(CN) – Challengers to New York’s statewide ban on gravity knives have not proven the law to be unconstitutional, a federal appeals court ruled Friday.
John Copeland, Pedro Perez and Native Leather Ltd. challenged the ban in a lawsuit against New York Attorney General Barbara Underwood and New York County District Attorney Cyrus Vance Jr.
They claimed that the ban is unconstitutionally vague as it applies to common folding knives. New York’s law, which dates back to 1958, defines gravity knives as those than can be opened to a locked position with a flick of the wrist.
The challengers stated that the wrist test was so vague that ordinary people would not be able to determine which knives are legal.
Copeland, an artist, was arrested under the law in 2010 after one of the officers used the wrist test on his knife. Copeland said that two police officers had previously told him that the knife was legal.
Perez, an art dealer, had to perform seven days of community service after police used the wrist test on his knife.
Native Leather sells folding knives, and it had to turn over to police any knives that passed the wrist test one out of 10 times.
Knife Rights Inc. and the Knife Rights Foundation joined the lawsuit against the county and state officials, but the district court dismissed them for lack of standing.
The federal court for the Southern District of New York rejected the challenge, and the 2nd Circuit affirmed the decision in an opinion written by Chief Judge Robert A. Katzman.
“Because the challengers did not show that the statute was unconstitutionally enforced against the retailer in a prior proceeding, we reject their vagueness claim,” he wrote.
In order to prevail, Katzman stated, all three plaintiffs would have to prove that the law was applied to them unconstitutionally.
He also deferred to the state courts on the plaintiffs’ argument that the wrist test is unreliable to differences among the people testing the knives.
“No state court has held that, for example, a knife is a gravity knife only if a person of average skill or practice can open it,” Katzman wrote.
While Copeland and Perez overcame this burden of proof, Native Leather did not, the judge stated.
“In responding to the subpoena, Native Leather produced more than 300 knives that (Native Leather owner Carol) Walsh simply guessed might be banned by the statute,” he wrote. “Native Leather’s lack of diligence significantly limits its ability to show that the statute provided insufficient notice that it sold banned knives, because it prevents it from offering evidence that the knives had responded differently to the wrist‐flick test prior to the D.A.’s tests.”

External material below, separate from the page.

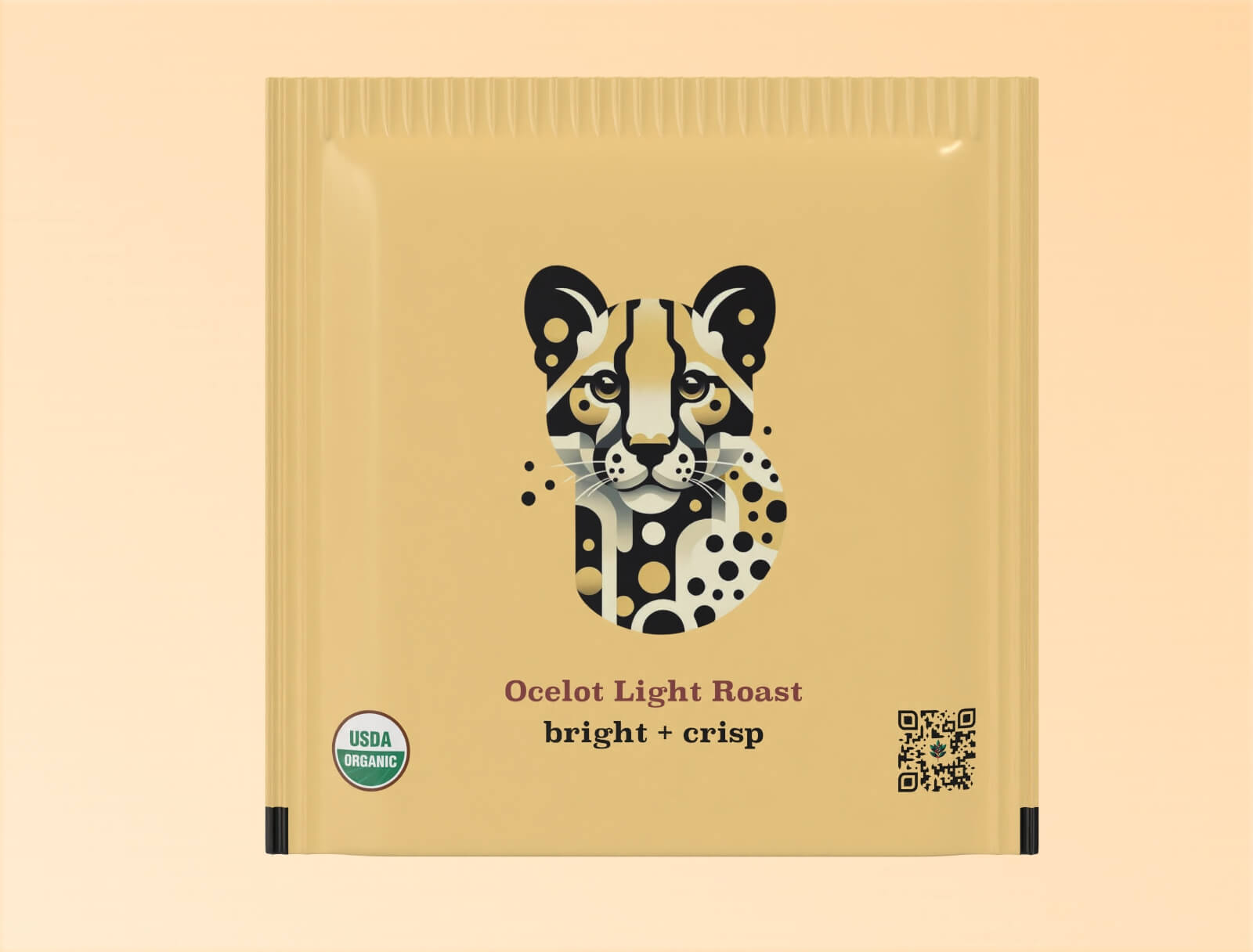Individual teabag packaging for Goldholly's Ocelot Light Roast yaupon tea. The light yellow sachet features a geometric, color-blocked illustration of an ocelot face with distinctive spotted pattern in black, white, and gold. Below the illustration are the words 'Ocelot Light Roast' and 'bright + crisp' in dark typography. The package includes a USDA Organic certification seal and QR code.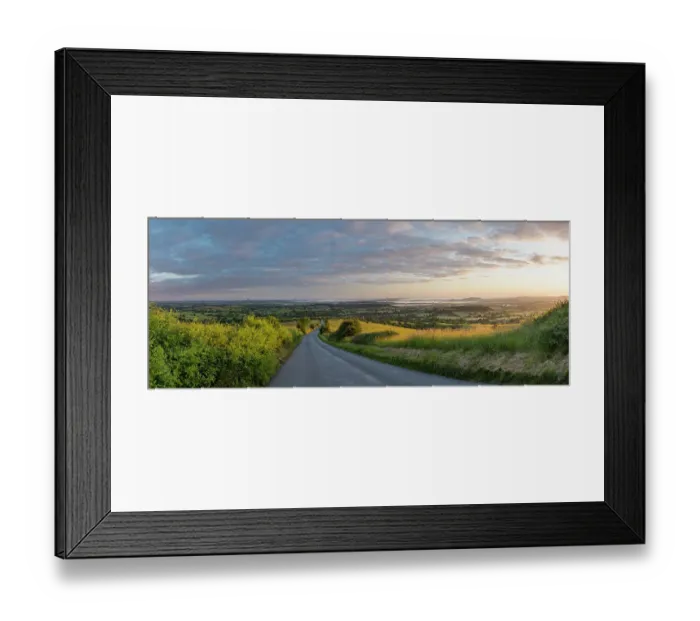 Framed Print : The road to Okeford Fitzpaine; dawn on Midsummers Day, in the Blackmore Vale, from Okeford Hill, Dorset, England, UK. June 2019 Framed Print : The road to Okeford Fitzpaine; dawn on Midsummers Day, in the Blackmore Vale, from Okeford Hill, Dorset, England, UK. June 2019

“Native Leather offered no evidence that any of its seized knives responded inconsistently to the wrist‐flick test, much less that all of them did, as the demanding standard for facial challenges requires,” Katzman added. [emphasis original]
Despite this ruling, Katzman called on the legislative and executive branches to take another look at the gravity knife law.
“The statute’s reliance on a functional test and imposition of strict liability on what can be a common, if dangerous, household tool might in some instances trap the innocent by not providing fair warning,” he stated.
“The sheer number of people who carry folding knives that might or might not respond to the wrist‐flick test raises concern about selective enforcement,” Katzman added.
Attorney Daniel Schmutter of the Ridgewood, N.J. law firm of Hartman & Winnicki represented the plaintiffs. He said in a statement, “We’re naturally disappointed with the panel’s decision. We will be seeking rehearing by the full court.”
Vance’s office did not respond to an email request for comment on Friday.